The title irks me, but I agreed that this might have some good content.
I don't usually put up guest posts, but sometimes I have hubby do reviews for me! This is his review. Thanks, toots!

I will start out by stating that my wife and I live in the country on about 16 acres of mostly forest. We are near a small town of about 7,000 or so.

 We both do volunteer work in the community but are not involved on committees or in municipal affairs. I have been a transportation committee chairman for a citizens group in a large city, and was the chair of the transportation committee of the National Chamber of Commerce.

 The title of the book "13 Ways To Kill Your Community" seems counter intuitive to the subject,  but Mr Griffiths is now in his second edition so it must work.

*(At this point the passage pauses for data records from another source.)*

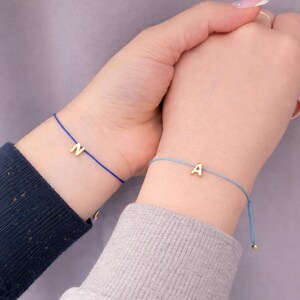 May include: Two matching bracelets, one with a gold letter "N" on a blue cord and the other with a gold letter "A" on a light blue cord. The bracelets are worn on wrists, showcasing a minimalist design.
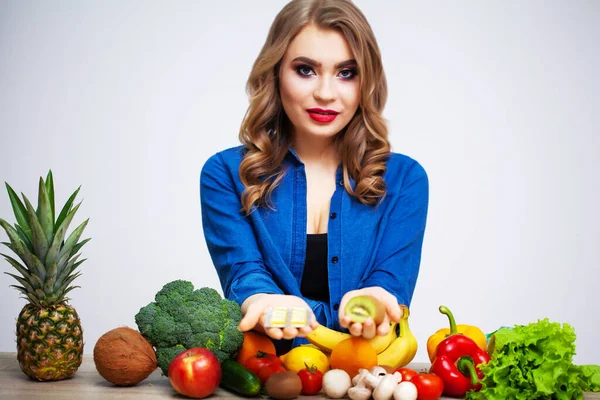 果物や野菜を背景にキウイと錠剤を持つテーブルの女性 — ストック写真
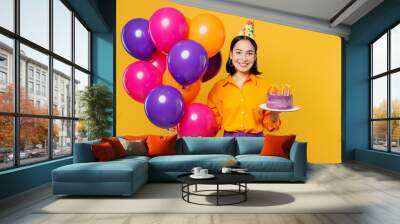 Happy fun young woman wears casual clothes hat celebrating hold bunch of colorful air balloons cake with candles look camera isolated on plain yellow background. Birthday 8 14 holiday party concept. Wall mural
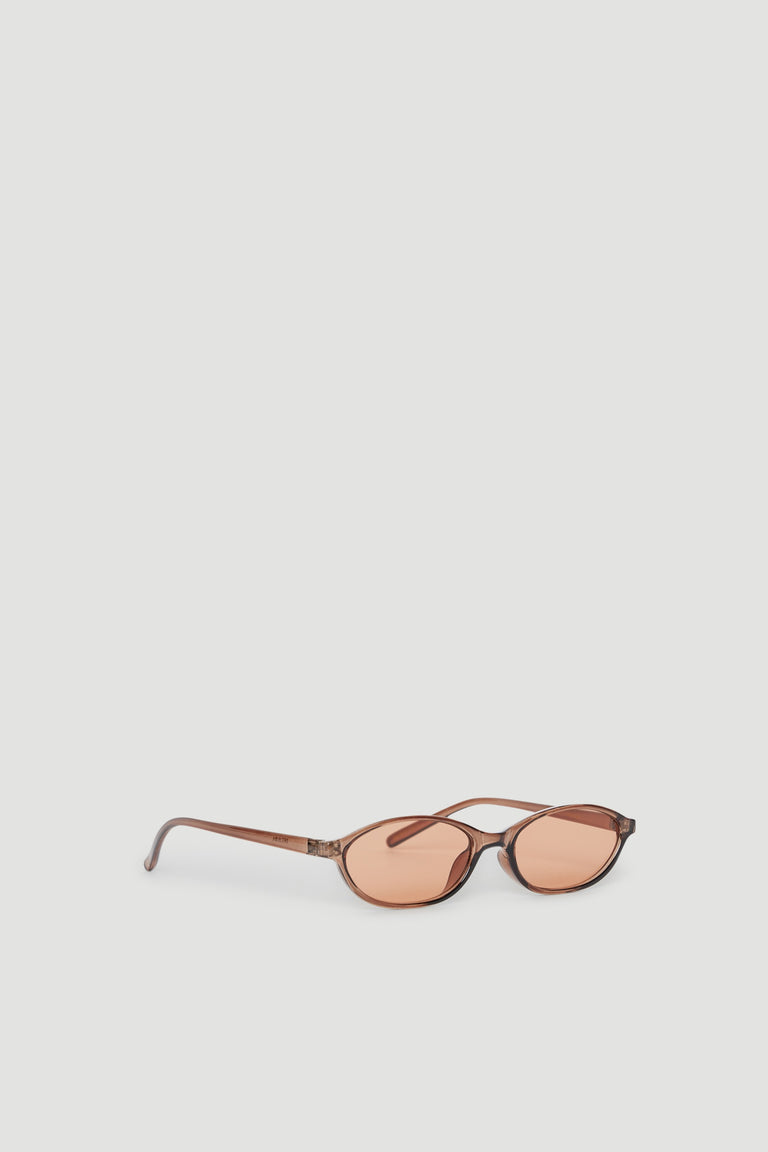 Slim frame sunglasses with tinted lenses and a subtle cat eye shape offering stylish UV protection.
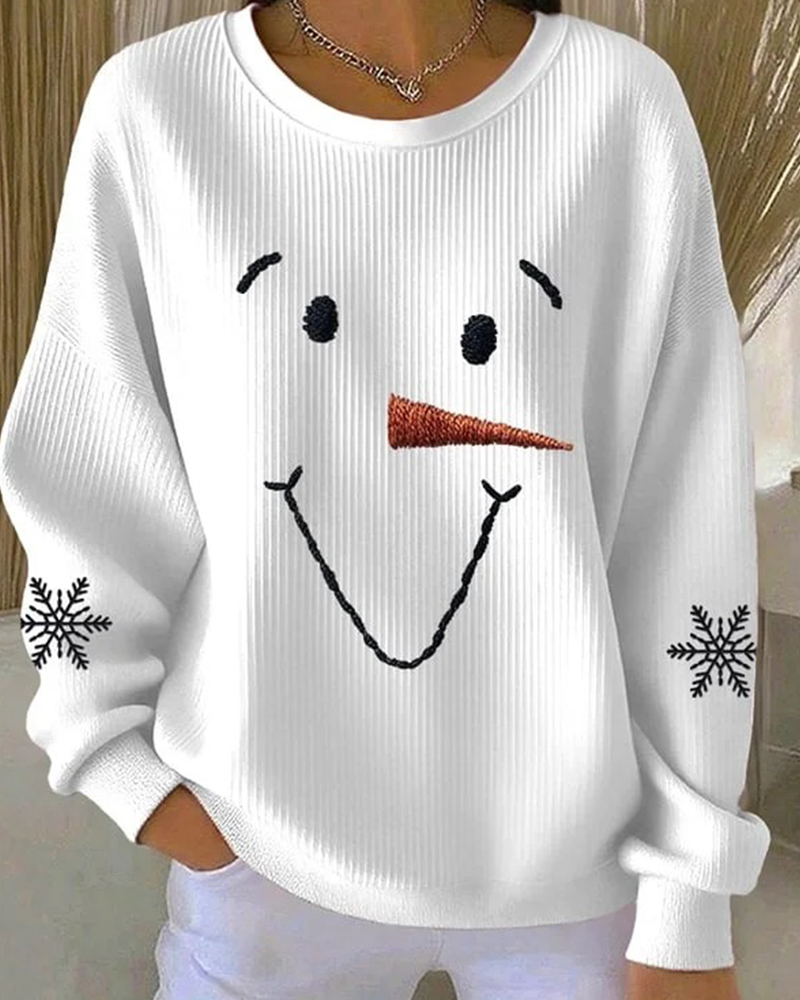 Women's white sweatshirt with a snowman face graphic and snowflake sleeve details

 The book is an easy-to-read 150 pages. It gives thought for what would appear to be obvious points that, however, are all too often not followed. The anecdotes and examples better illustrate his points and do hold the reader's interest. I would also commend his straightforward use of the English language with out the over used embellishments of similar works, e.g., words such as paradigm and synergy, arrow diagrams, and historical quotes out of context.

 Each chapter covers one of his 13 points with some, but not overly frequent reference to other chapters. Probably any reader will relate to some of the situations outlined , and may in hard reflection see some of their own attitudes for consideration.

 In summary, Mr Griffiths provokes thoughts that could lead to positive actions. I would recommend this book to anyone involved in local affairs, concerned about local affairs, or considering involvement in local affairs.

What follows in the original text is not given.